Exercise objective: Print, exactly as they stand, the lines below from the one that has "2007 Ford Econoline" to the one that has "cindyguyuehu123/dsh-mobile Screenshot preview", inclusive, leaving out the pictures.

Data provided:
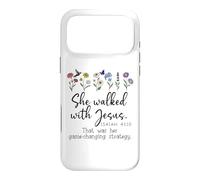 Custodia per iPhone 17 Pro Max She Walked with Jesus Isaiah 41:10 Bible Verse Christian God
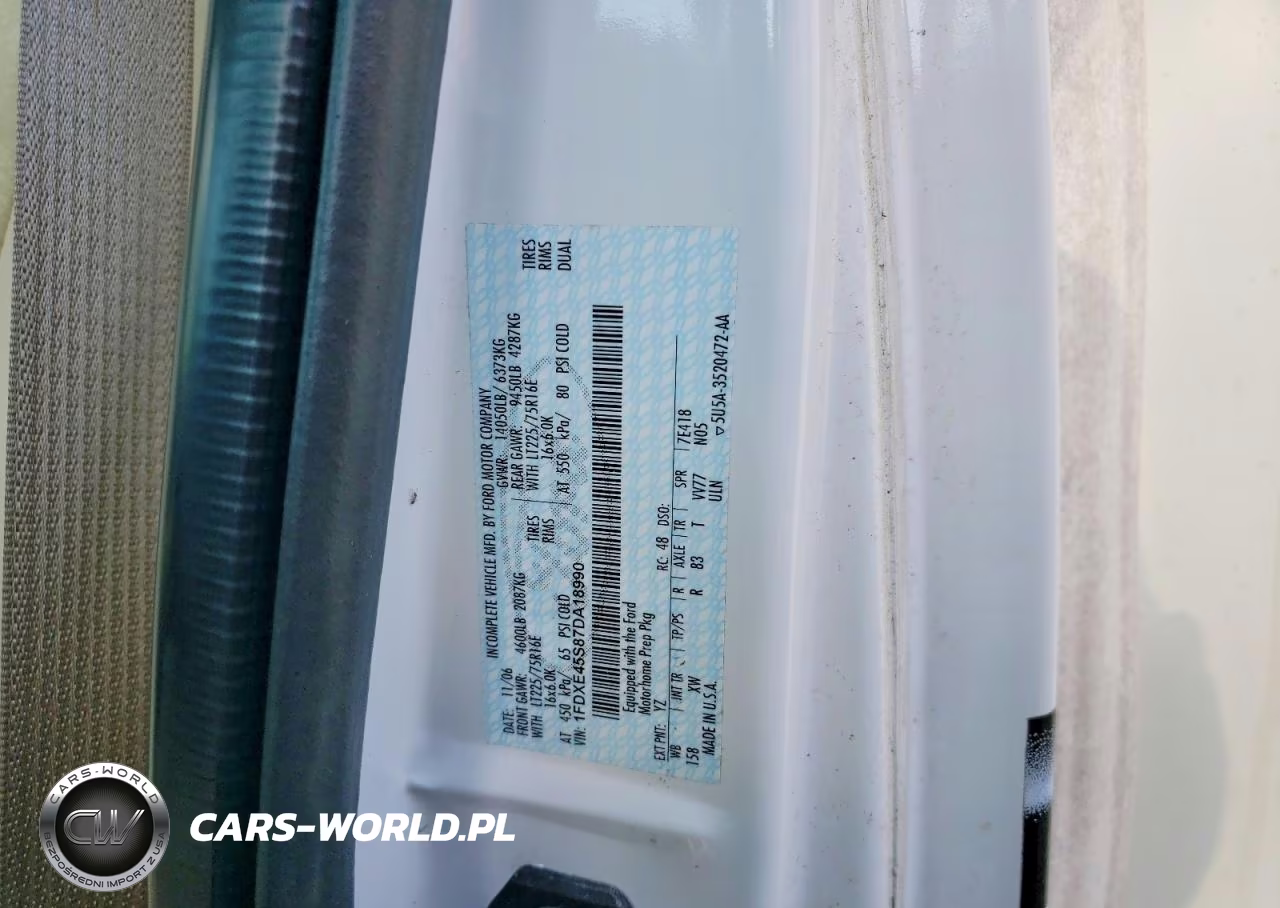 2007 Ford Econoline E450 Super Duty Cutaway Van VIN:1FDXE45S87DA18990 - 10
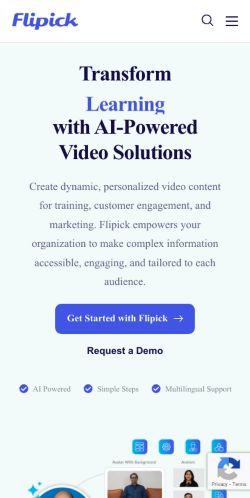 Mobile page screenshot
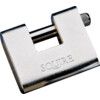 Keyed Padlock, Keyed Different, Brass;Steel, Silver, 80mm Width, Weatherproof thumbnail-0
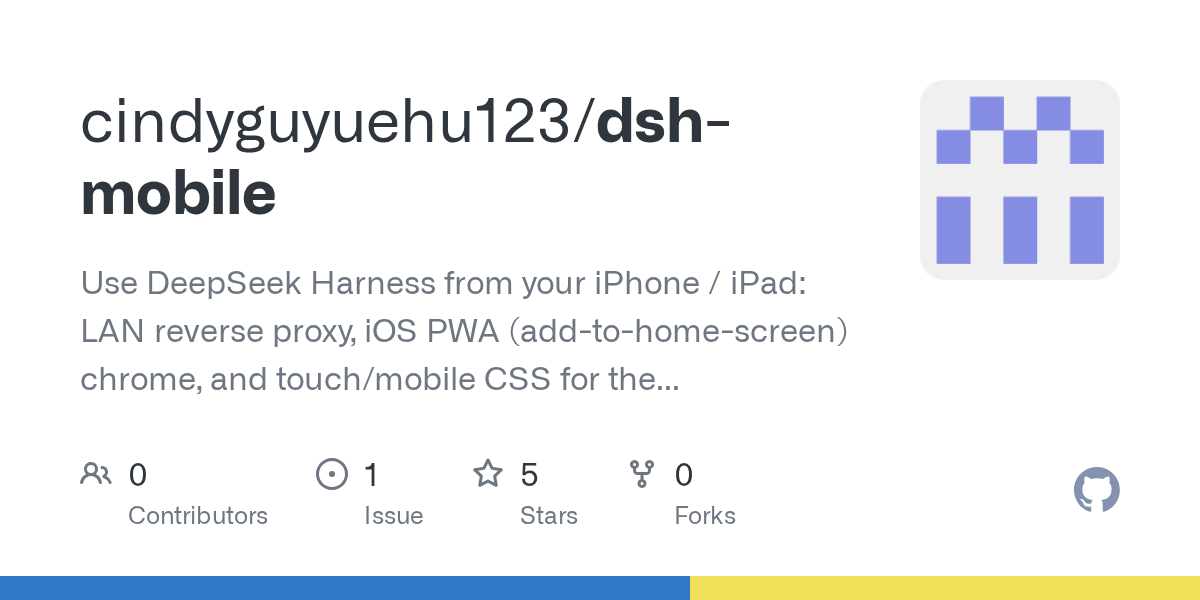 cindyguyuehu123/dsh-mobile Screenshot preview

...

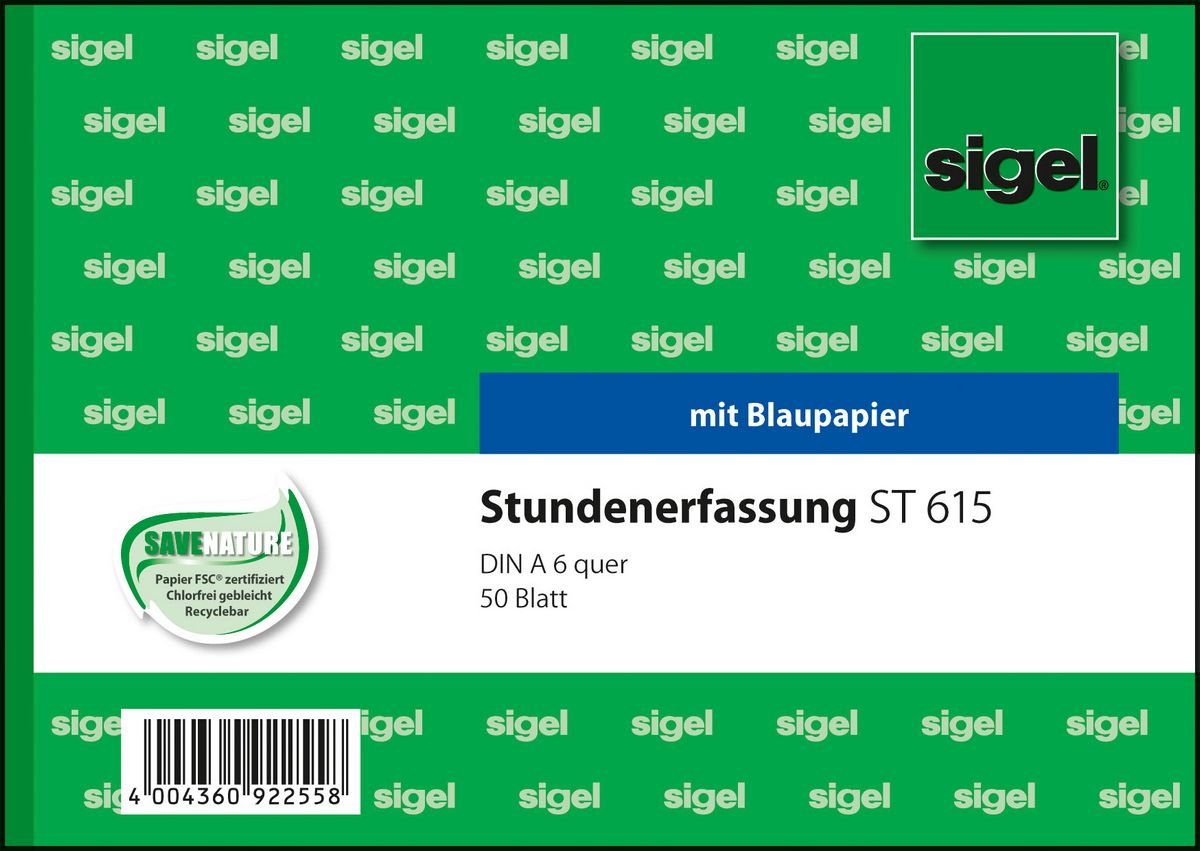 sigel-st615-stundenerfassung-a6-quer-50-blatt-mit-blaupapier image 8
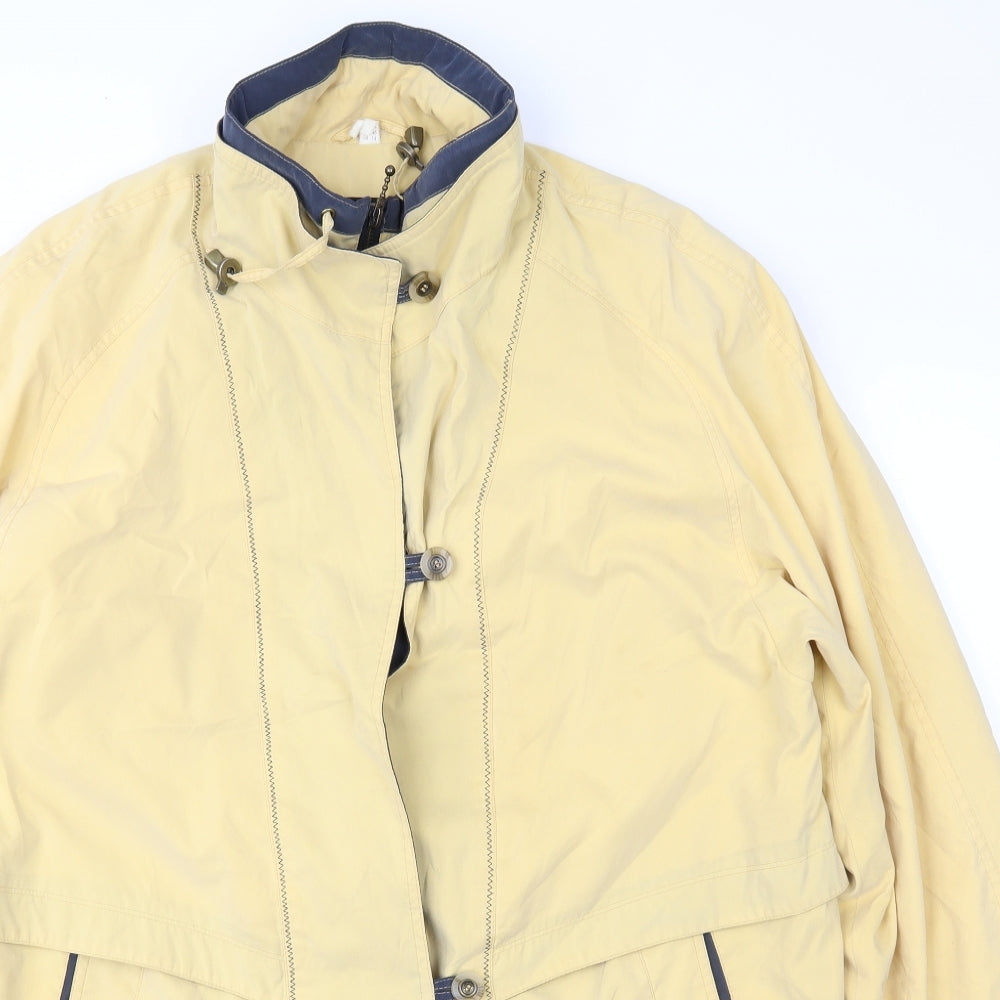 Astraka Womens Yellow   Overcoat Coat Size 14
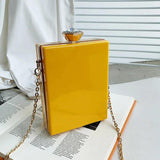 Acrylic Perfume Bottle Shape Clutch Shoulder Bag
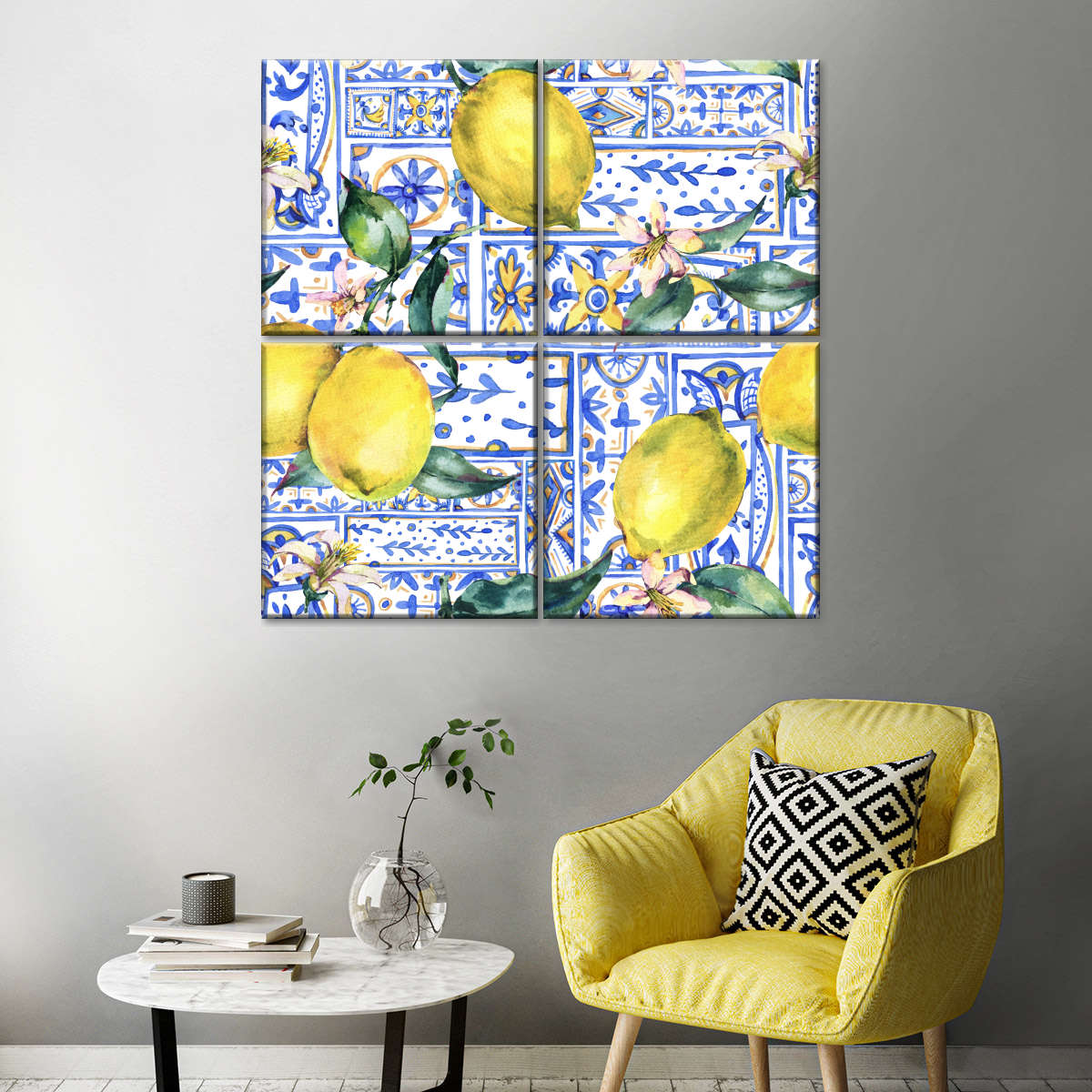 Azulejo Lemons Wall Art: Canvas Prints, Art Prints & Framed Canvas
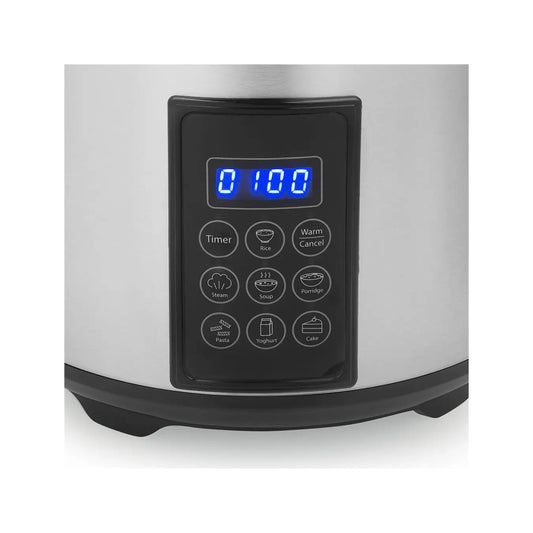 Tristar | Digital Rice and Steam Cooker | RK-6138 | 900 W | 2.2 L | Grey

--

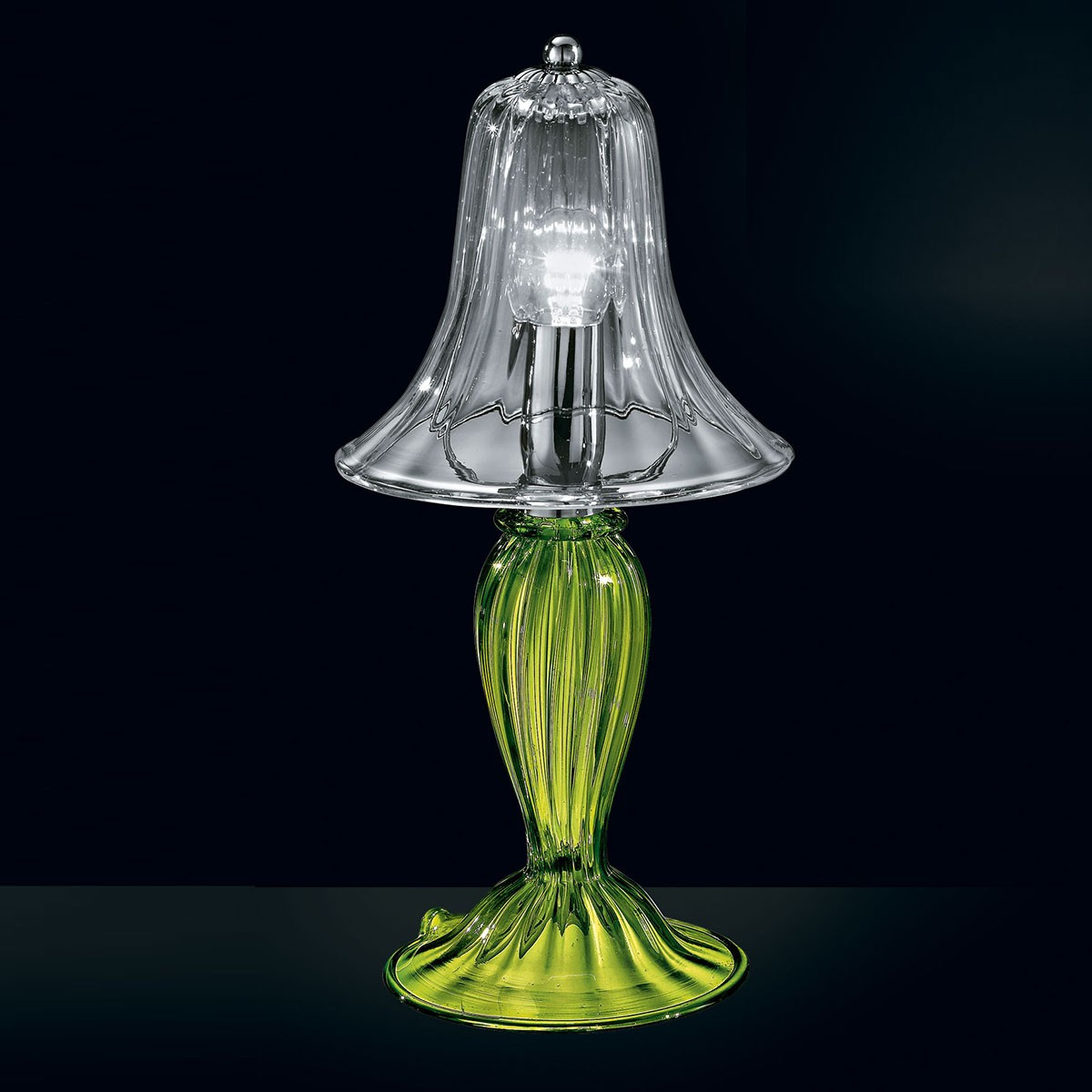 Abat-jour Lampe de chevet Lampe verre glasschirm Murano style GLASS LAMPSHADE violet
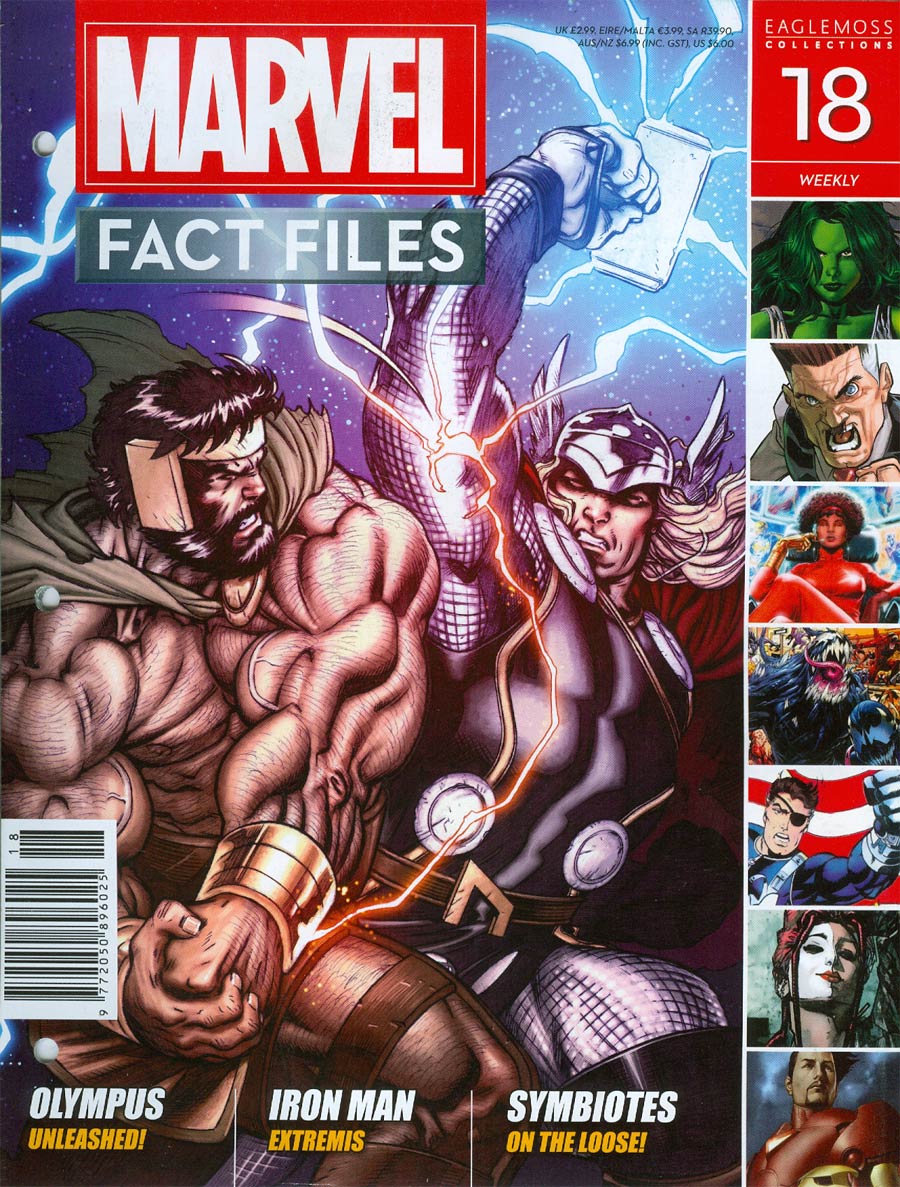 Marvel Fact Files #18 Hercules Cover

Answer below:
 2007 Ford Econoline E450 Super Duty Cutaway Van VIN:1FDXE45S87DA18990 - 10
 Mobile page screenshot
 Keyed Padlock, Keyed Different, Brass;Steel, Silver, 80mm Width, Weatherproof thumbnail-0
 cindyguyuehu123/dsh-mobile Screenshot preview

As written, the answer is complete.